Walter Scott boitait suite à une polio contractée pendant l'enfance.
La question apparement insoluble de savoir si c'était le pied gauche de Byron qui était difforme, ou le droit.
Sainte Thérèse d'Avila jouait du tambourin.
Sherwood Anderson est mort d'une péritonite après avoir avalé un cure-dent.
Imaginez cela sur les près de deux-cent pages d'
Arrêter d'écrire de
David Markson. Je les ai littéralement dévorées, contaminé, pris du délire compulsif qui vous
prend en lisant cette ritournelle agencée en liste funèbre et triviale par
Markson, comme une prière à la vanité de l'art et pour conjurer la mort.
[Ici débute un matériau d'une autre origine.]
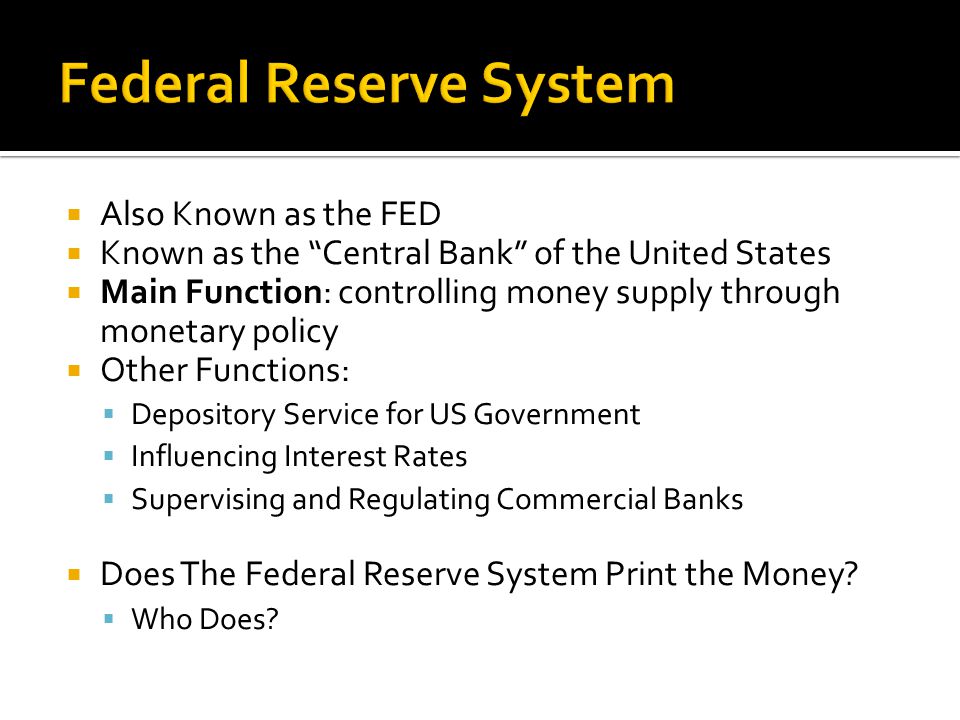  Also Known as the FED  Known as the Central Bank of the United States  Main Function: controlling money supply through monetary policy  Other Functions:  Depository Service for US Government  Influencing Interest Rates  Supervising and Regulating Commercial Banks  Does The Federal Reserve System Print the Money.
Une telle accumulation a un effet éminement salutaire : au bout de deux pages, on ne peut plus se départir d'un rictus au coin des lèvres ; après cinq minutes, il faut s'accrocher à l'accoudoir du
fauteuil dans lequel vous lisez pour ne pas chuter en rires et convulsions nerveuses .
Ensuite, on peut certainement discuter, décortiquer, analyser les procédés qui mènent au rire et les motifs et les thèmes qui abordent et engendrent, par une bifurcation radicale et ironique, la
narration, mais non, je laisse à d'autres, cette fois-ci j'exhorte simplement à la lecture d'un livre très drôle autant qu'un très drôle de livre.

Nota du 12 : Impossible de rédiger quelque chose de conséquent sur ce livre, j'y avais pourtant appliqué une bonne partie de mon dimanche après-midi. J'avais choisi, finalement et bien simplement,
de pointer du doigt l'effet d'une telle lecture : on rit en lisant
Arrêter d'écrire.
Fausto Maijstral publie hier sur son blog une longue et instructive note sur
David Markson (et
Arrêter d'écrire en particulier), il n'y parle pas trop de l'humour décalé,
de l'ironie de l'auteur (je suis bien content d'avoir pris cette direction ici, ce ne sera donc rétroactivement pas redondant à la lecture de son article) mais donne de nombreuses informations,
concernant l'auteur et son parcours, qui éclairent judicieusement ce livre. L'on apprendra que
Markson est un vieux briscard
post-modern (80 ans cette année), qu'il n'en
est pas à son premier livre d'"aphorismes", qu'il a écrit des romans policiers alimentaires, qu'il a cotoyé de grands bonshommes des lettres américaines, qu'
Arrêter d'écrire n'est pas une
bricole de novice, etc.
A lire sur
Tabula Rasa.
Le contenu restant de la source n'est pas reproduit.